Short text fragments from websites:
--------

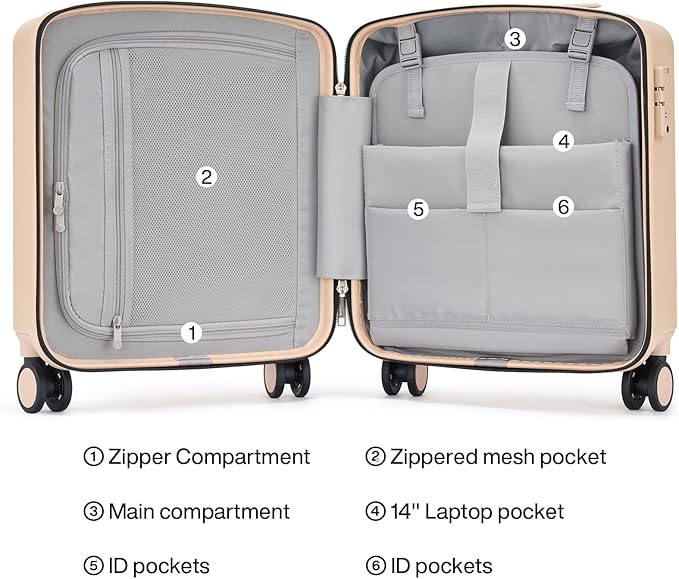 Hanke 16 Inch Underseat Carry On Luggage, Airline-Approved Hard Shell Small Suitcase with Spinner Wheels, Lightweight Tsa Lock Travel Luggage for Short Trips(Cuba Sand)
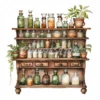 20 High-Quality Apothecary Cabinets Clipart - Apothecary digital watercolor JPG instant download for commercial use - Digital download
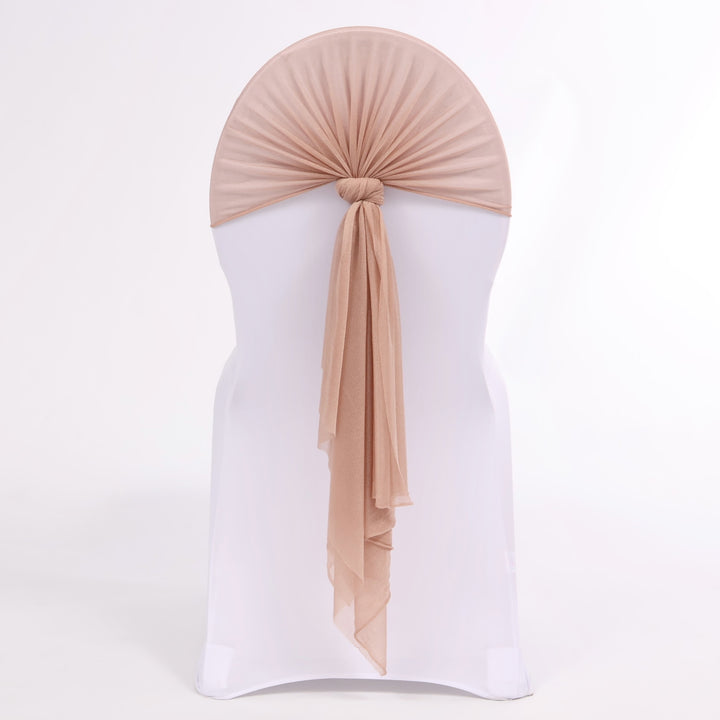 Sheer Stretch Crepe Chiffon Chair Sashes - Taupe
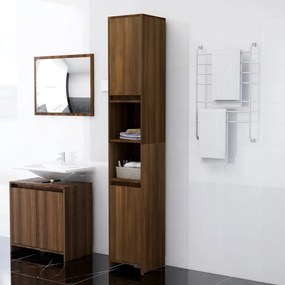 815110 vidaXL Armário WC 30x30x183,5cm derivados de madeira carvalho castanho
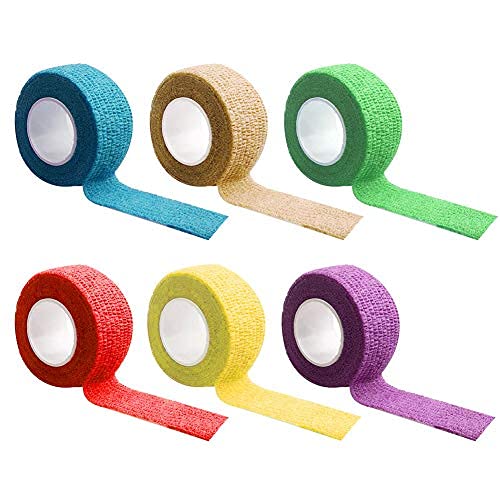 BlingKingdom 6 Rolls Breathable Pet Vet Wrap, 1" x 5 Yards Self Adhesive Non Woven Bandage Wrap Elastic Cohesive Bandage for Sports Injury: Ankle, Knee and Wrist Sprains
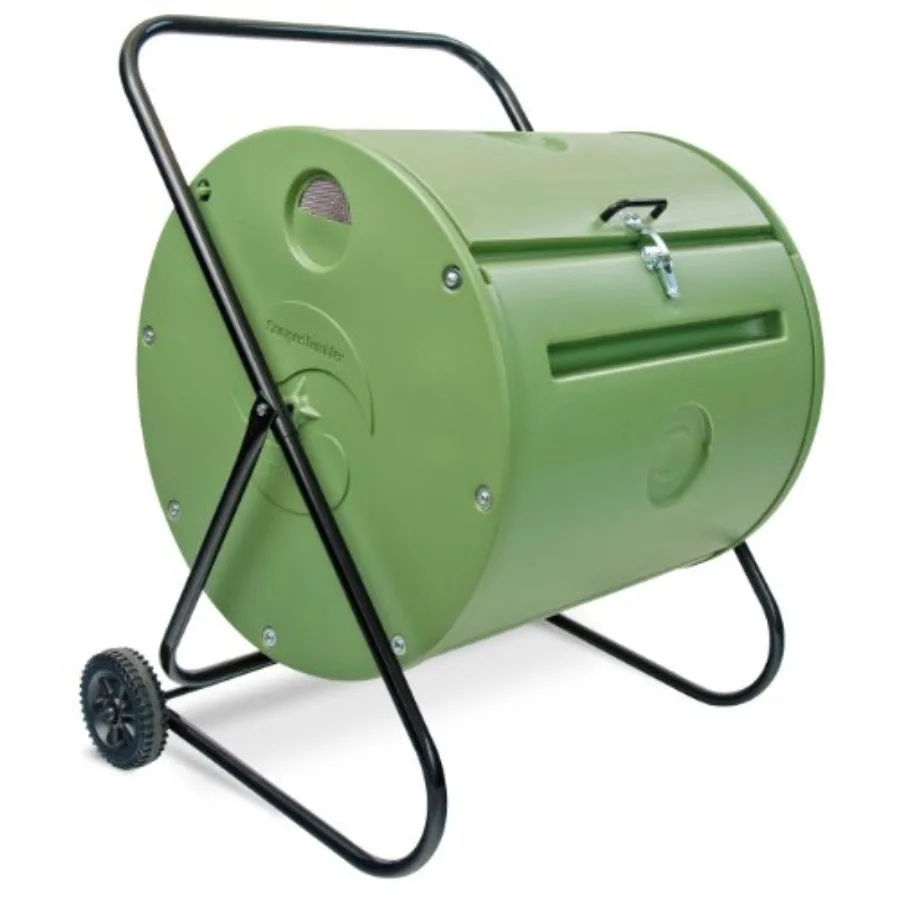 Back Porch ComposTumbler for outdoor composting, durable polyethylene, black, fast 5-day decomposition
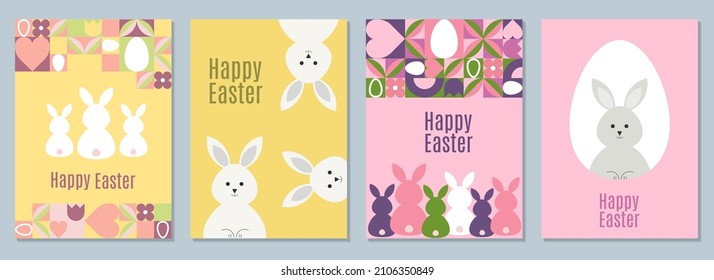 Set of Easter greeting cards. Modern geometric abstract pattern and Easter bunny. Perfect for poster, cover or postcard. 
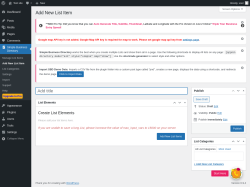Page screenshot: Simple Business Directory &rarr; Add New List Item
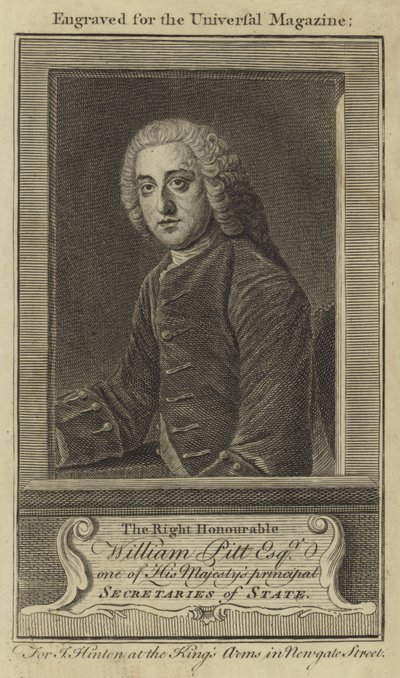 O excelentíssimo William Pitt Esquire, um dos principais secretários de Estado de Sua Majestade de English School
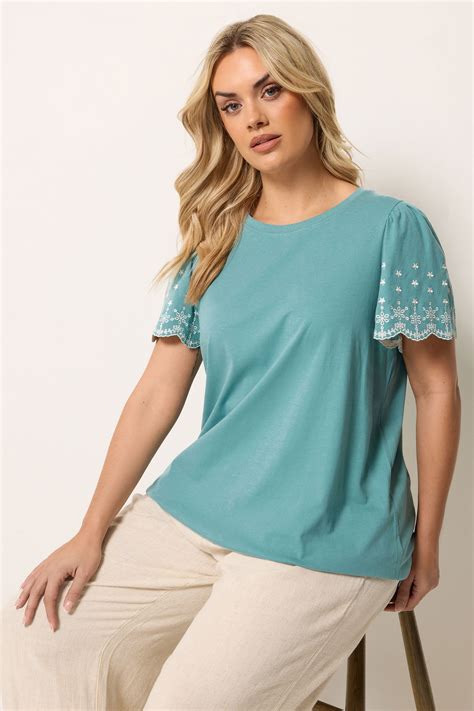 YOURS Plus Size Green Embroidered Sleeve T-Shirt | Yours Clothing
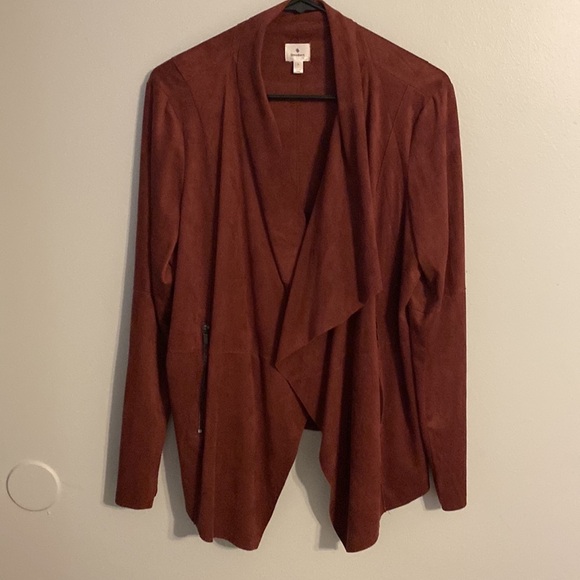 Dressbarn Womans Burgundy Short Jacket Faux Suede Super Soft Zip Pockets Large - Picture 3 of 9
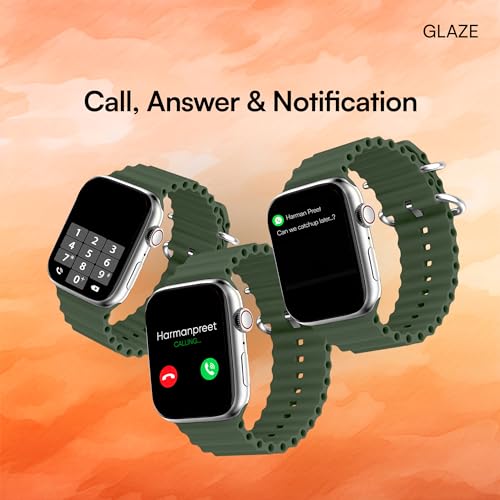 Image of HAPIPOLA Smart Watch Glaze 2 inchin HD Display | Bluetooth Calling IP67 Waterproof | Music Control Multi-Sport Modes | Health Monitor Supports Wireless Charging (Green)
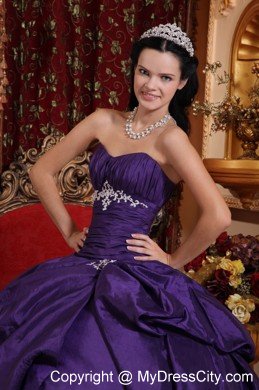 Sweetheart Taffeta Pick Ups Purple Appliques Quinceanera Dresses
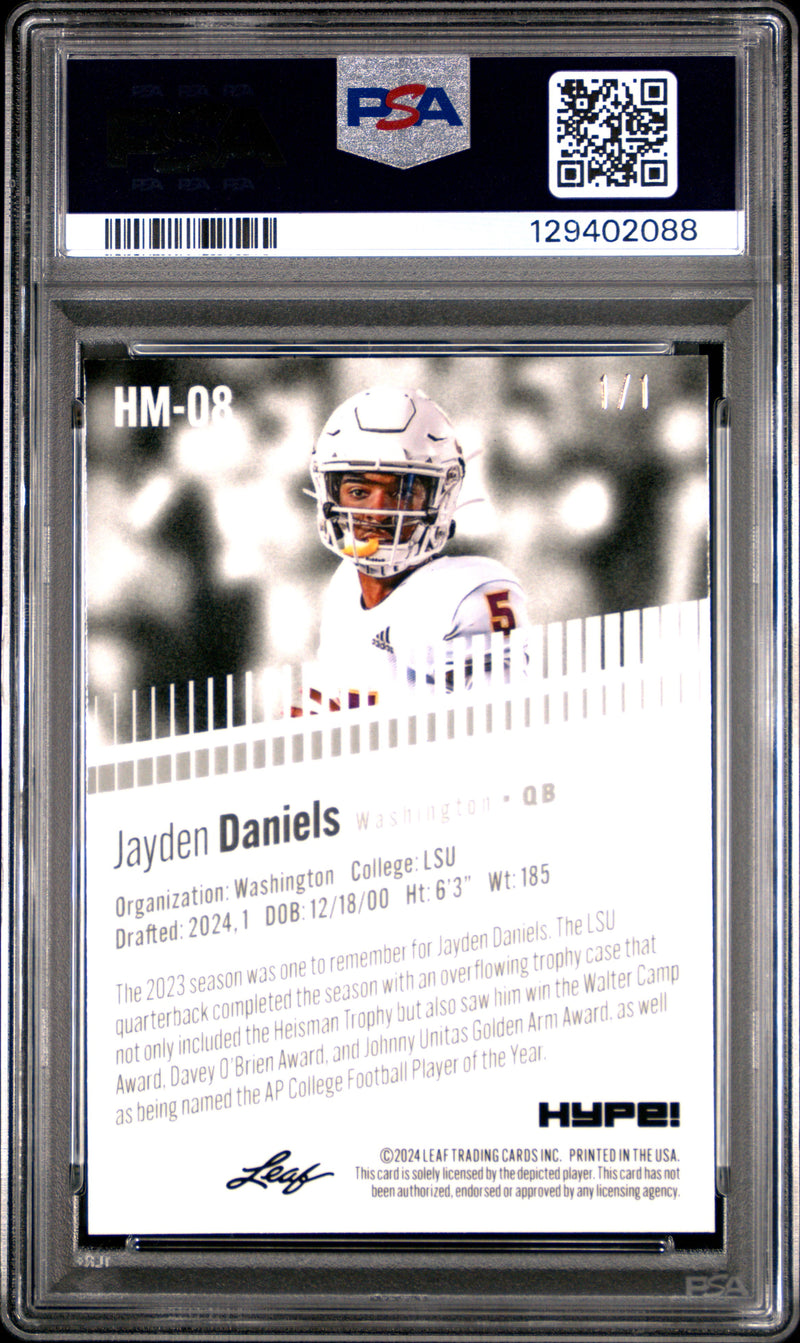 PSA 8 Jayden Daniels 2024 Leaf HYPE! Metal #HM-08 Burst 1/1 Rookie Card Washington Commanders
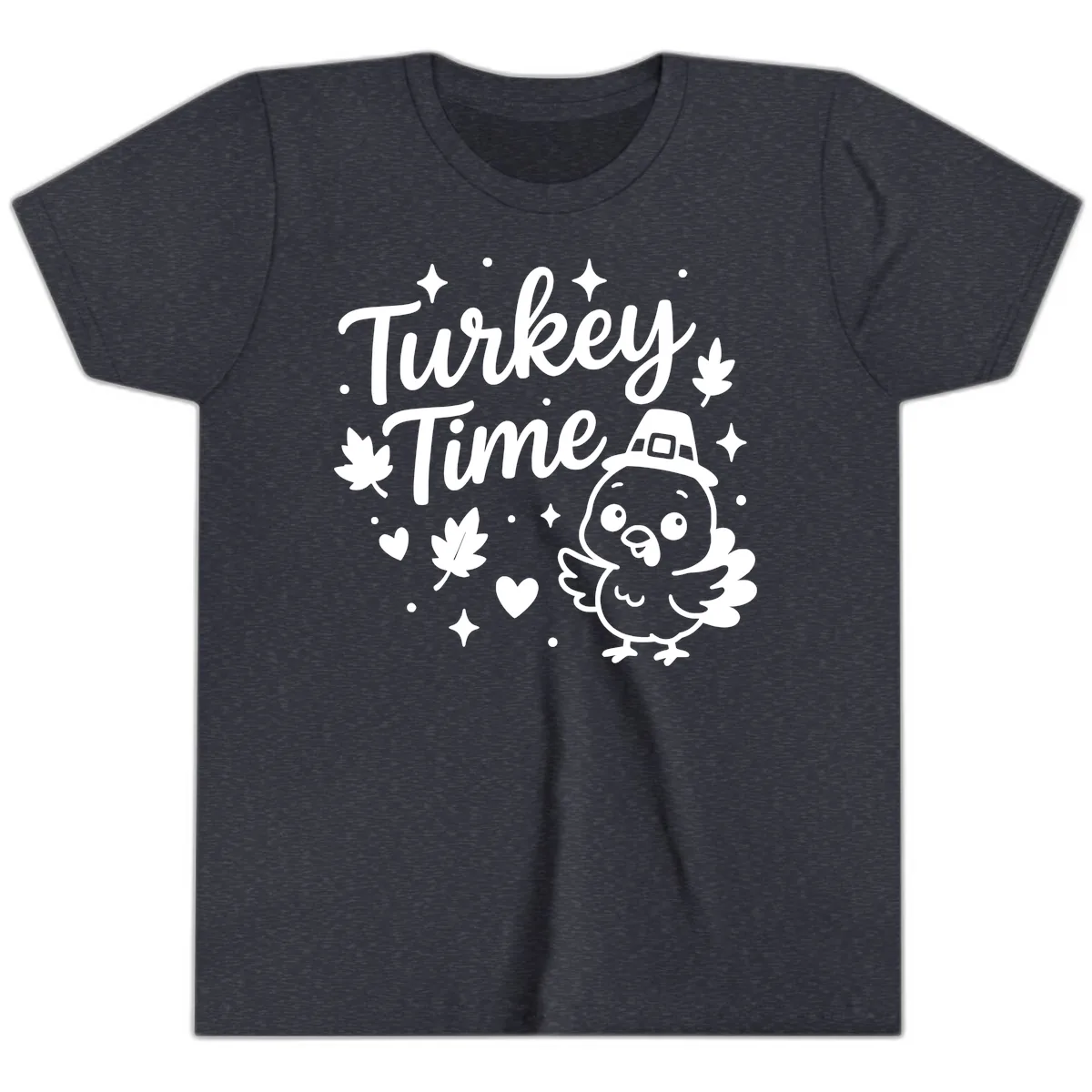 Cute Turkey Time Thanksgiving Design Youth T-Shirt in Heather Navy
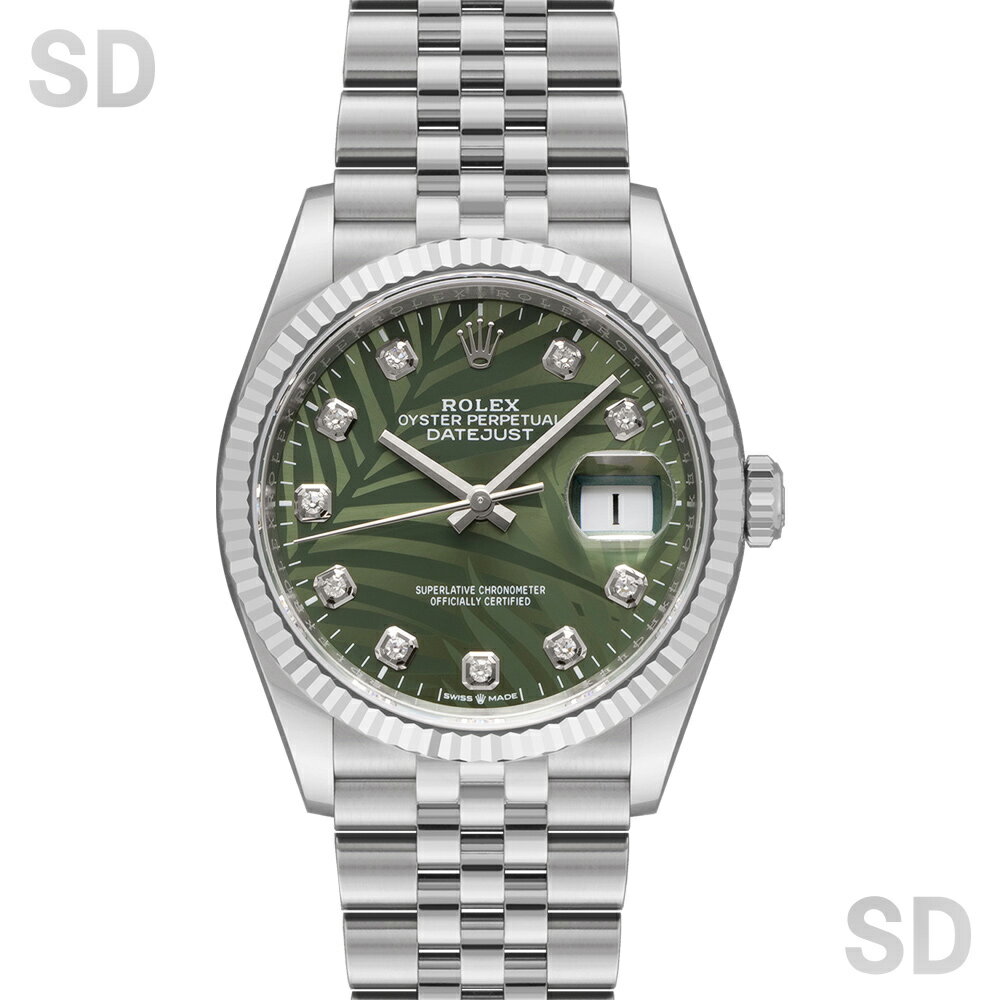 ROLEX ロレックス <strong>デイトジャスト</strong>36 126234G オリーブグリーン<strong>パーム</strong>モチーフ/ダイヤ メンズ 【中古】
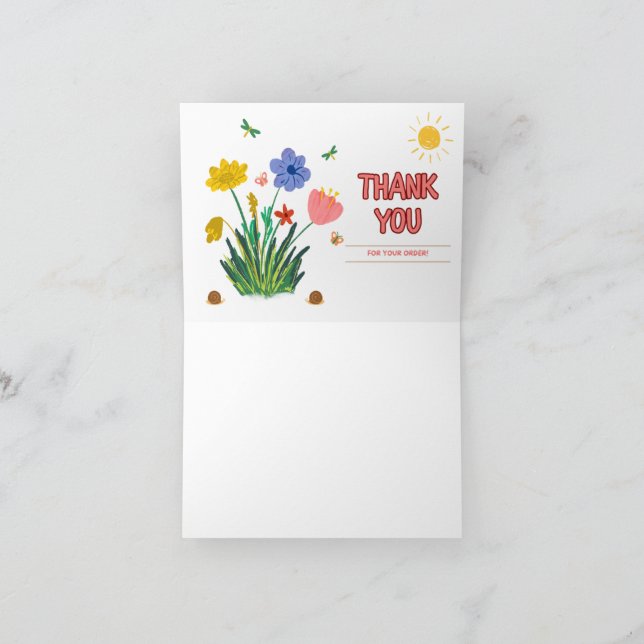 Tarjeta De Agradecimiento Thank You for Your order card (Interior)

--------

Please restate word for word each line from the one containing "O excelentíssimo William" to the end of the data above, without the pictures.

 O excelentíssimo William Pitt Esquire, um dos principais secretários de Estado de Sua Majestade de English School
 YOURS Plus Size Green Embroidered Sleeve T-Shirt | Yours Clothing
 Dressbarn Womans Burgundy Short Jacket Faux Suede Super Soft Zip Pockets Large - Picture 3 of 9
 Image of HAPIPOLA Smart Watch Glaze 2 inchin HD Display | Bluetooth Calling IP67 Waterproof | Music Control Multi-Sport Modes | Health Monitor Supports Wireless Charging (Green)
 Sweetheart Taffeta Pick Ups Purple Appliques Quinceanera Dresses
 PSA 8 Jayden Daniels 2024 Leaf HYPE! Metal #HM-08 Burst 1/1 Rookie Card Washington Commanders
 Cute Turkey Time Thanksgiving Design Youth T-Shirt in Heather Navy
 ROLEX ロレックス <strong>デイトジャスト</strong>36 126234G オリーブグリーン<strong>パーム</strong>モチーフ/ダイヤ メンズ 【中古】
 Tarjeta De Agradecimiento Thank You for Your order card (Interior)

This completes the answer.